Per the Japanese media outlet Nikkei, as well as the Taiwanese outlets Apple Daily and the Liberty Times, prosecutors have swooped in at at least seven addresses in New Taipei City and Hsinchu, a hub of semiconductor and IT business, bringing in some 20 people for questioning.
The investigation is reportedly centering around two firms, namely IC Link and WiseCore.
Prosecutors reportedly raided offices for data including employees’ names and contracts and payroll data. Computers and mobile phones were also seized.
Nikkei claimed that it had spoken to the office, with the latter stating that a “preliminary investigation showed” that Bitmain had “allegedly first lured a senior engineer to work for a newly established Chinese company as a chairman in China, and asked the person to persuade former colleagues to follow.”
Prosecutors believe that Bitmain then went on to set up two companies “disguised as foreign investments in Taiwan to poach talent.”
The media outlet quoted a New Taipei District Prosecutors Office spokesperson as stating,
“We discovered that Bitmain has been poaching Taiwanese research and development talent to speed up its efforts on artificial intelligence chip capability by illegally setting up companies in Taiwan. The newly established companies served a headhunting purpose and the timespan of what Bitmain did dates back to 2018.”

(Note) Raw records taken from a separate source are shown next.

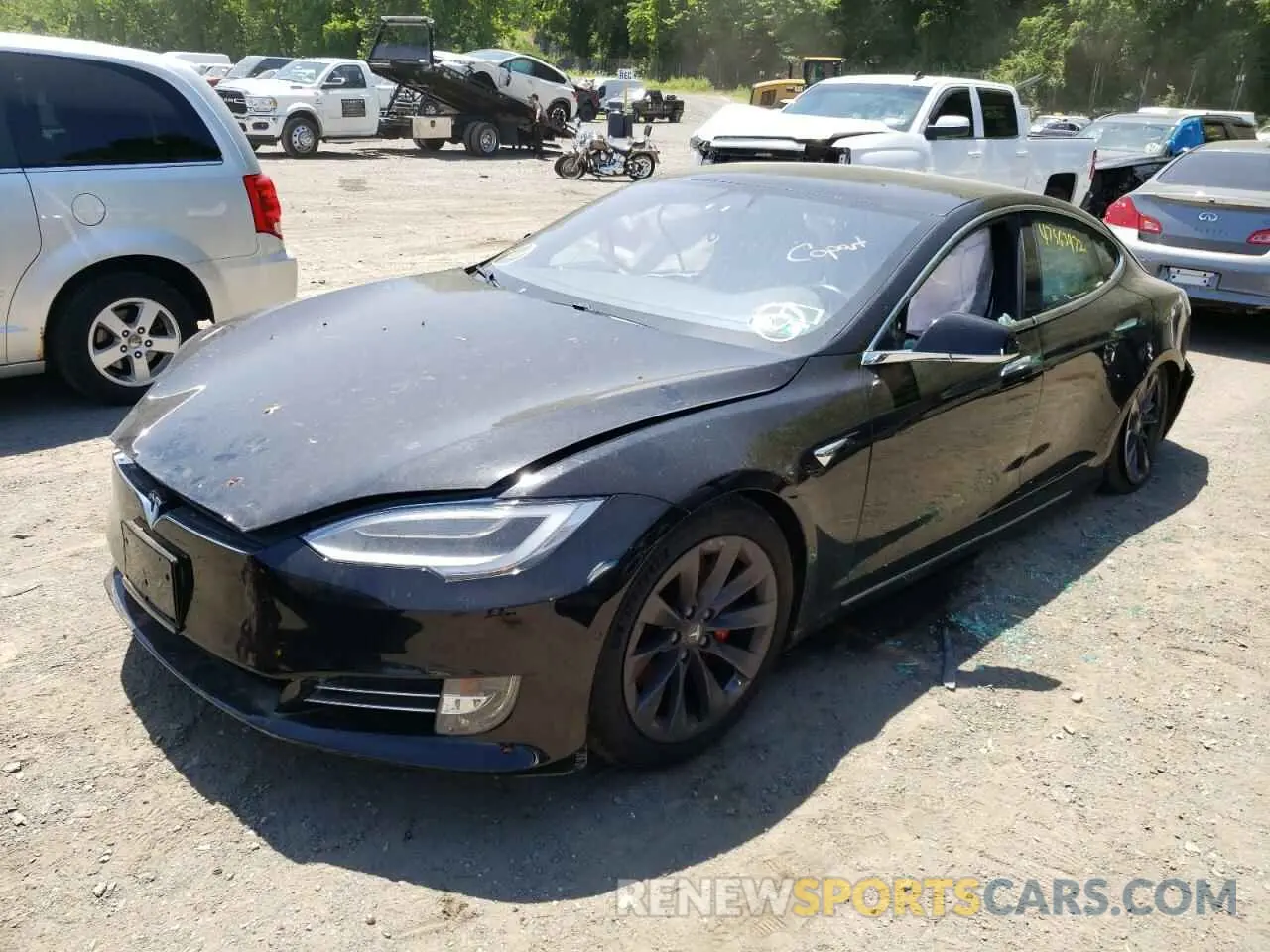2 fotografías del automóvil dañado 5YJSA1E4XLF390814 TESLA MODEL S 2020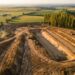 Drone survolant un chantier de terrassement, engins et talus en contrebas, avant un calcul de volume (illustration)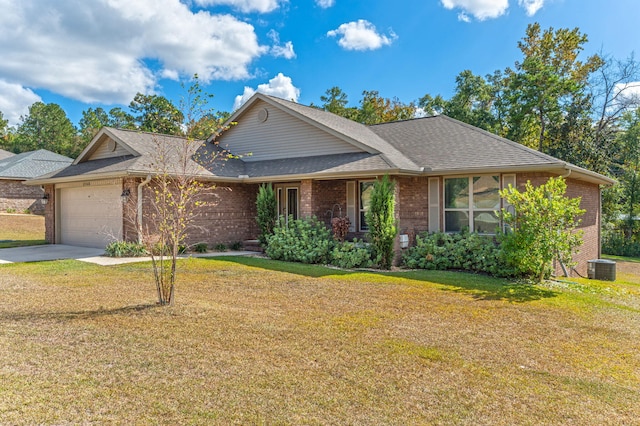 view of front of home featuring a garage and a front lawn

The prosecutors added that “at least 100” engineers had been recruited and added that “there could be more.”
However, no trace of intellectual property violations has yet been unearthed, with the office adding,
“So far, no evidence of trade secrets leakages has been found.”

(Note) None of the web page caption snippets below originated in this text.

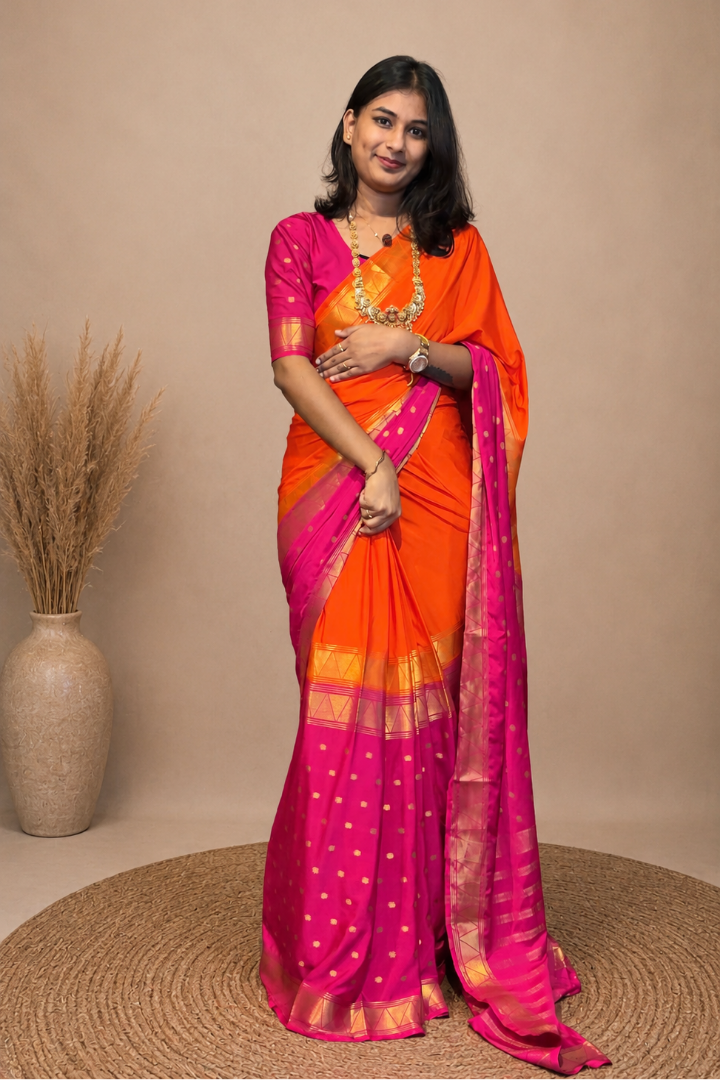 A woman modeling a bright orange and magenta pink saree with gold borders and polka dots, standing on a round woven mat against a beige studio backdrop.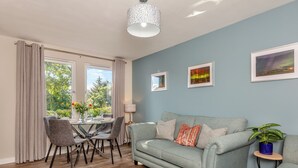 A living room with a grey sofa, dining table, chairs, and a view of greenery through the window. - 2 bedroom accommodation in Nairn (Nairn)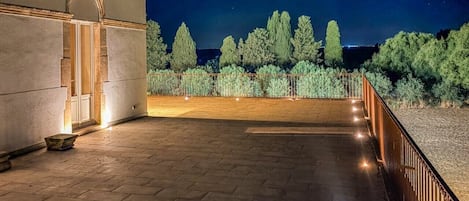 Un espacio al aire libre empedrado, con barandilla, entrada a un edificio y árboles de fondo.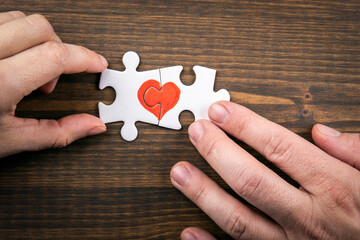 Puzzle pieces with heart joined togeather, hands of woman and man. Relationship concept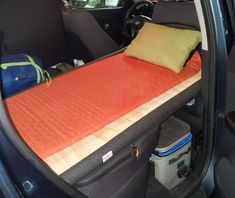 an orange sleeping bag in the back of a car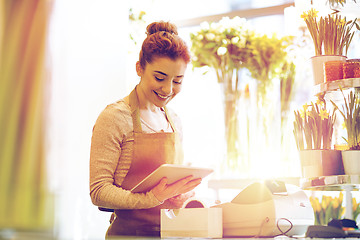 Image showing woman with tablet pc computer at flower shop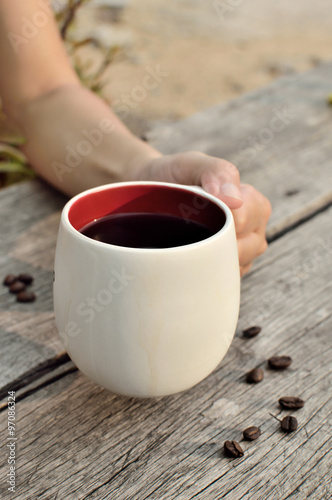 Women hand holding a coffee cup, too soft focus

Bitmain has previously indicated its keenness to break into the AI chipset market, but – like many other Chinese hardware firms – currently relies heavily on the business behemoth Taiwan Semiconductor for much of its production needs.

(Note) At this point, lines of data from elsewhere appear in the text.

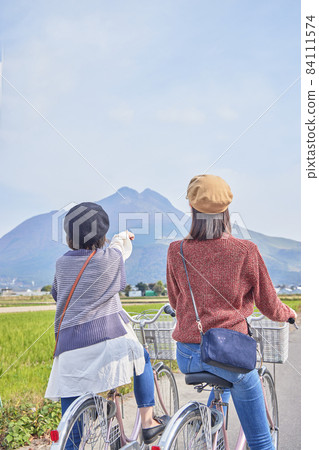 Young women and friends walking around Yufuin by bicycle 84111574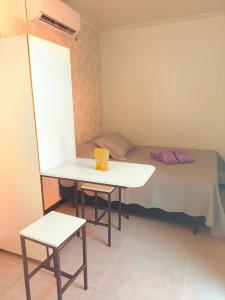 a small room with a bed and a table and a chair at Studio Borboletas de luz in Bombinhas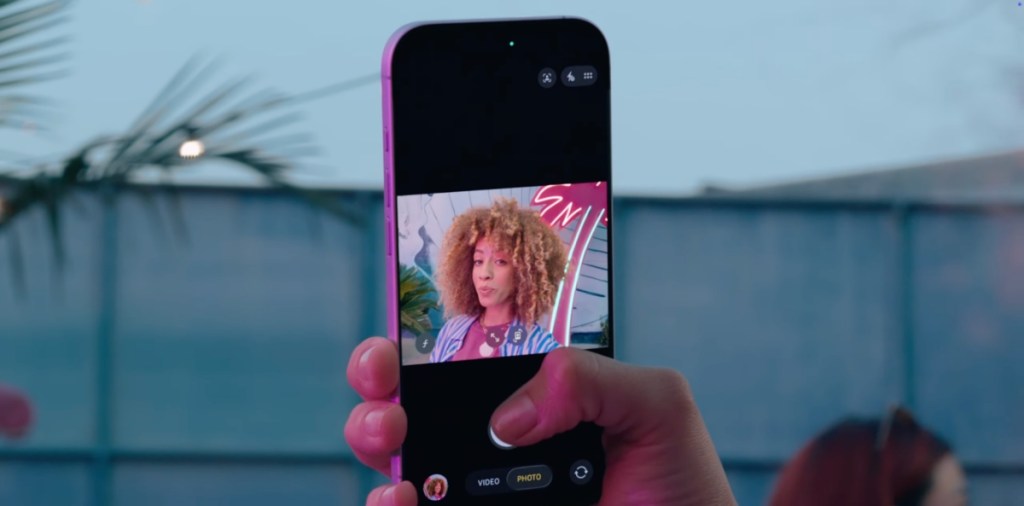 A woman taking selfie in landscape view on iPhone 17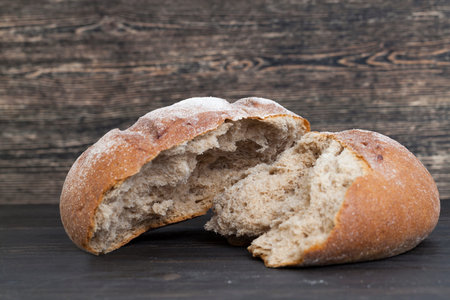 broken into half a loaf of fresh bread in black, closeup in the kitchen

Taiwanese law strictly prohibits Chinese investors from intervening in the Taiwanese semiconductor industry.
Nikkei also claims it has spoken to lawyers who state that prosecutors may also seek to “charge Bitmain executives with forgery because they filed papers to set up a business in Taiwan without properly disclosing their origin.”
Apple Daily reports that Bitmain originally attempted to lure Taiwanese engineers to relocated to the Mainland with promises of salaries twice as high as their incomes. But when this alleged strategy failed to bear fruit, the mining giant instead reportedly decided to change tack, and instead set up “illegally established” Taiwan-based firms.
As reported, Bitmain’s co-founder Jihan Wu resigned as the CEO and Chairman of Bitmain in January.